The ARCserve Tape Engine sends SCSI commands to the SCSI Port provided by the driver for the SCSI or Fibre controller via an API in the OS. When the OS fails to received a response back it will send a NT SCSI Port Error back to the Tape Engine.
Lets examine a Write command as an example. 1) Job wants to write data to tape. 2) Data is placed into the Tape Engine buffer. 3) Buffer fills so Tape Engine issues a Write command containing the data. 4) Command is sent to the OS API, 5) OS API passes the command to the SCSI Port provided by the controller driver. 6) Controller driver sends command to the controller and through the correct bus to the device. 7a) Command passes from the controller to the cable, 7b) If this is Fibre it will then go to the switch and possible a Fibre to SCSI bridge, 8) Command is received by the tape drive it is addressed to. 9) In the case of SCSI the command will travel the full length of the buss until it is absorbed by the terminator. 10) The tape drive will send the data to itÆs internal buffer. 11) The data will be written to tape from the buffer.
Now if anything happens along the way to cause this command to be lost or corrupted the OS may not get a response back and the result will be and NT SCSI Port error.

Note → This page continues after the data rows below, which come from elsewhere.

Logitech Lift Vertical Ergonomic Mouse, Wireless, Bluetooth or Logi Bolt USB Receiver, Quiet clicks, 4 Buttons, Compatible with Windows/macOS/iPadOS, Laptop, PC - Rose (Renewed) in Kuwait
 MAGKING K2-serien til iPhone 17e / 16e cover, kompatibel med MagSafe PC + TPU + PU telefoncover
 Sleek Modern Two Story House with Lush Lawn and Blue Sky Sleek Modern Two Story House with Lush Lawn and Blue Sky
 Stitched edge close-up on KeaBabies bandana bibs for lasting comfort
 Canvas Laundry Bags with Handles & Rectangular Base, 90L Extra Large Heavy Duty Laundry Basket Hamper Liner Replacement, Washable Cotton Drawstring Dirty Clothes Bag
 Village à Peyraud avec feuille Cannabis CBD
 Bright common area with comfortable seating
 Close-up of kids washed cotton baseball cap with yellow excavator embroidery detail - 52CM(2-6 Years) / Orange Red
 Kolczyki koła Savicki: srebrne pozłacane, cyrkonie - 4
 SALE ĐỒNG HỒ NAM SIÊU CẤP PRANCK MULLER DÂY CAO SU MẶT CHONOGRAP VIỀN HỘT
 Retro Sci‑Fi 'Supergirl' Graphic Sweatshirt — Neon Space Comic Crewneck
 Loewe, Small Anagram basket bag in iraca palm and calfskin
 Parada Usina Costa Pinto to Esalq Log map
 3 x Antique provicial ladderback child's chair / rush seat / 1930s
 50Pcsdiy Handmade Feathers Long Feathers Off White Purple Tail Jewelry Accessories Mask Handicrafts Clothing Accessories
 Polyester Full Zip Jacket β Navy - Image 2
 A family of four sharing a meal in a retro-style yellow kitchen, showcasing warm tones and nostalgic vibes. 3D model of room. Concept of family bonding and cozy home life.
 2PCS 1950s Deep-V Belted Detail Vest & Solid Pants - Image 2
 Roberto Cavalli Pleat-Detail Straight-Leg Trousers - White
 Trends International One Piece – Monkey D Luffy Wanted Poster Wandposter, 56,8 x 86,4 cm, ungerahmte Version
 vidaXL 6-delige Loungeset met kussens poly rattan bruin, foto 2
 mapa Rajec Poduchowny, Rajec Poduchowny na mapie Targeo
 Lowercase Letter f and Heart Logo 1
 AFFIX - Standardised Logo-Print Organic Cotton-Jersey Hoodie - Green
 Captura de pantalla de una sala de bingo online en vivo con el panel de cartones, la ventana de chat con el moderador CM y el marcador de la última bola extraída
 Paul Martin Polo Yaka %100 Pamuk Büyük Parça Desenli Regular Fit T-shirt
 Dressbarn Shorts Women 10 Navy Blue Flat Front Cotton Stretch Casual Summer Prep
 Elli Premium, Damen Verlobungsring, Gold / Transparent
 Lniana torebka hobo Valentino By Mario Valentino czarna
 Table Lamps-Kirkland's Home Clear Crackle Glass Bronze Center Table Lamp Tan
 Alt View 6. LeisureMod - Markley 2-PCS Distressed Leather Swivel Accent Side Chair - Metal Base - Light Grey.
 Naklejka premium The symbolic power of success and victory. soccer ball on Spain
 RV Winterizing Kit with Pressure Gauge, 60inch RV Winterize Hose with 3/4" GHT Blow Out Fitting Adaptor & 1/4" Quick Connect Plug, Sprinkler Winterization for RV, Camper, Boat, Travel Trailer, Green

Here are some common problems.
At the OS level a conflicting application, such as an OS tape and/or media changer driver. It could also be an application designed to control an optical or CD library. At the controller level it could also be a driver problem, such as a bug or the need for an OEM specific version of the driver. At the controller level it could also be a setting such as enable wide negotiation, or the DMA transfer speed. At the cable level for SCSI it might not be properly shielded or made to meet the specific resistance range. Also for SCSI the termination might not be set correctly, it might be the wrong type of terminator or defective. If a Fibre to SCSI Bridge is used, then these things need to be followed at the SCSI side of the bridge. For Fibre it could be cable, GBIC, switch and bridge firmware/setting. Hardware or software configuration for the tape drive within a library could cause problems with any or just a specific drive. Finally a firmware or hardware problem within the tape drive could result in the error.
A problem with any of this could result in exactly the same NT SCSI Port error. Thus we find that from the error it is not possible to tell were the problem is.